In future, genetic evaluation will more often be based on the identified polymorphisms affecting directly quantitative traits of interest. It can be anticipated that usually biallelic genes as single nucleotide polymorphisms (SNP) will be identified. The proposed method is well fitted to this kind of polymorphism. In case of a multiallelic polymorphism, however, the application of the proposed method is still possible by estimating the content of each allele separately. The method cannot be easily modified to use information from linked markers.
It was also shown that sparse data provides little information on true gene content of an ungenotyped animal, and consequently, such data would not contribute much to identify favorable selection candidates. Also estimation of candidate gene effects will be difficult. Accurate prediction of gene content would require typing more individuals. The way the animals are chosen for genotyping may influence the estimate of candidate gene effects (Israel and Weller, Reference Israel and Weller1998). Phenotypes under the influence of the typed gene could contribute additional information on gene content.
The proposed method can also be useful in initialisation of MCMC genotype sampling for solving some more complex problem, e.g. a multilocus problem.
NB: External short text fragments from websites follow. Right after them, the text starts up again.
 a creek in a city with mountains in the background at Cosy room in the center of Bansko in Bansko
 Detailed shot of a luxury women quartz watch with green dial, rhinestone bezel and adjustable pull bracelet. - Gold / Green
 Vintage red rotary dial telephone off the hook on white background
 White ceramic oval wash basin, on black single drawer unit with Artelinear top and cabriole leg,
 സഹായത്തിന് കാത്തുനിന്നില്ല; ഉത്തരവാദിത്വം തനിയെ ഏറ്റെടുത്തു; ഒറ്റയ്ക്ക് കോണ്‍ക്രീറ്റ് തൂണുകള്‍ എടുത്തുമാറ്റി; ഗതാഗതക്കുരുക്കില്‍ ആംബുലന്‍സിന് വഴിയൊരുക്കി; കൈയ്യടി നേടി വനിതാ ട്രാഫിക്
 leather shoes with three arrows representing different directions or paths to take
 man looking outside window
Single site and blocked samplers require initial genotype configuration consistent with observed data. A consistent starting configuration may be obtained by ‘gene-dropping’, drawing the genes for the founders from some assumed base population and sampling subsequent generation according to Mendelian segregation law, rejecting configurations which are inconsistent with data. For large pedigrees, however, gene-dropping has low acceptance ratio. The presented method can improve the acceptance ratio of gene-dropping algorithm by including approximate gene contents in calculation for each sampled genotype.
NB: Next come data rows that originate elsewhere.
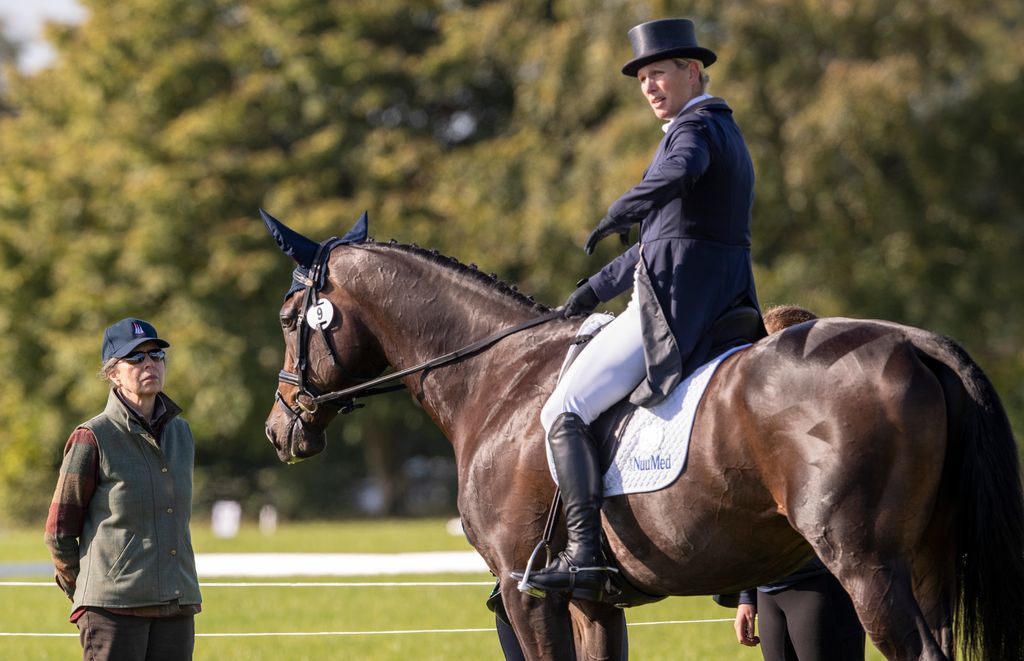 Princess Anne talks to Zara Tindall atop her horse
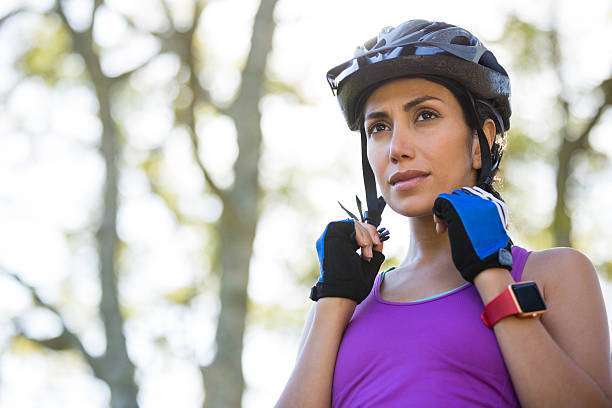 Woman sitting on his bike, wearing a bike helmet
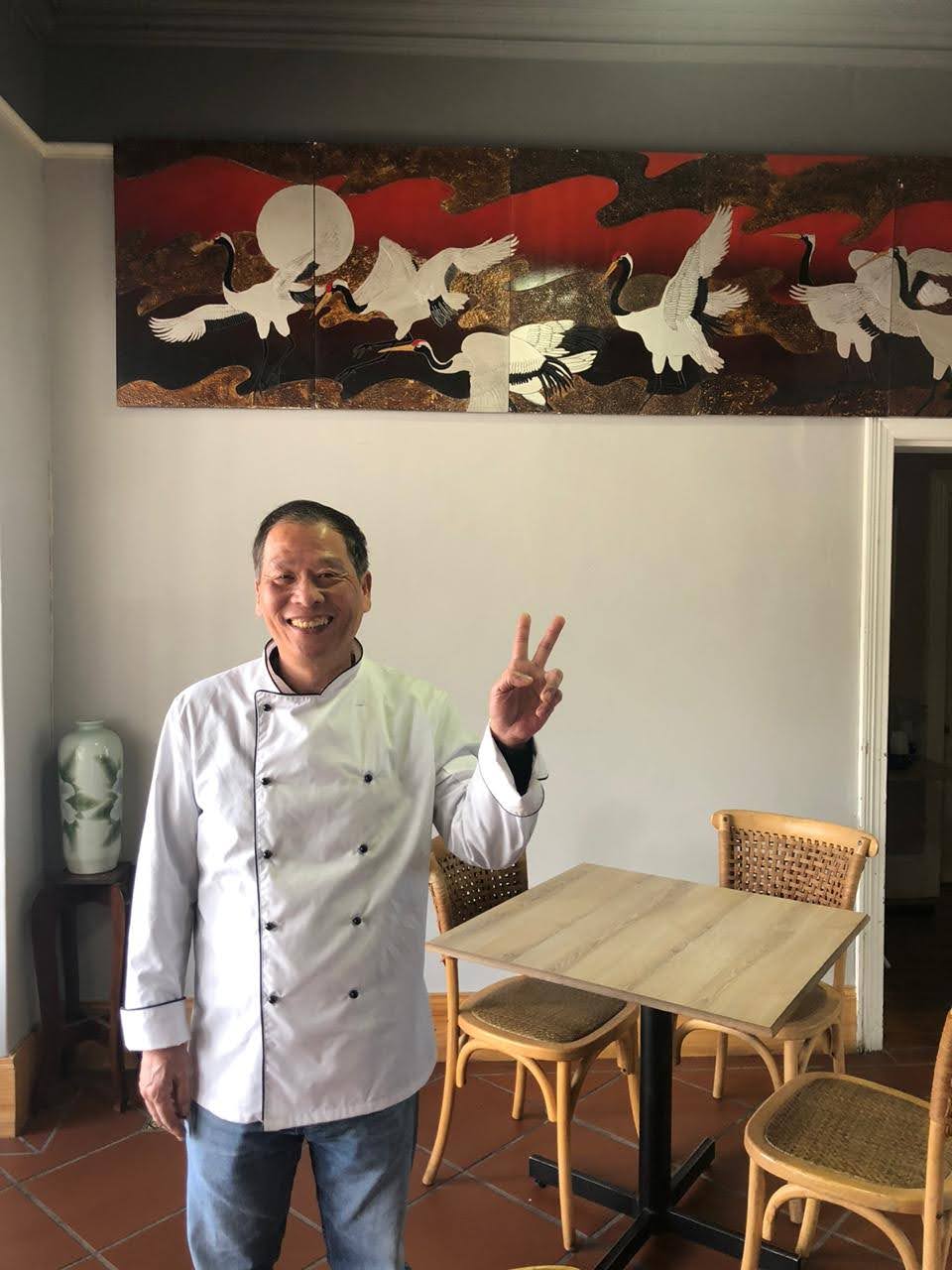 Chef Guo standing in Blue Waters restaurant.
In this paper we presented a practical method to calculate gene content for ungenotyped animals of large and complex pedigrees. The method is development out of the approach by Israel and Weller (Reference Israel and Weller1998) and can be used as alternative to more advanced approaches. The method can be easily modified to correctly use different base populations. Approximate genotype probabilities can also be calculated. The calculated values can be used to estimate the additive effect of a candidate gene or to support decision in marker-assisted selection.
Acknowledgements
Nicolas Gengler, who is Research Associate of the National Fund for Scientific Research (Brussels, Belgium), acknowledges this support. Additional support was provided through grant 2.4507.02F (2) of the National Fund for Scientific Research. Manuscript review by Dr George R. Wiggans (Animal Improvement Programs Laboratory – ARS – USDA, Beltsville; USA) and the support of the Walloon Breeding Association (AWE) and the Walloon Regional Ministry of Agriculture (project D31-1112) are gratefully acknowledged.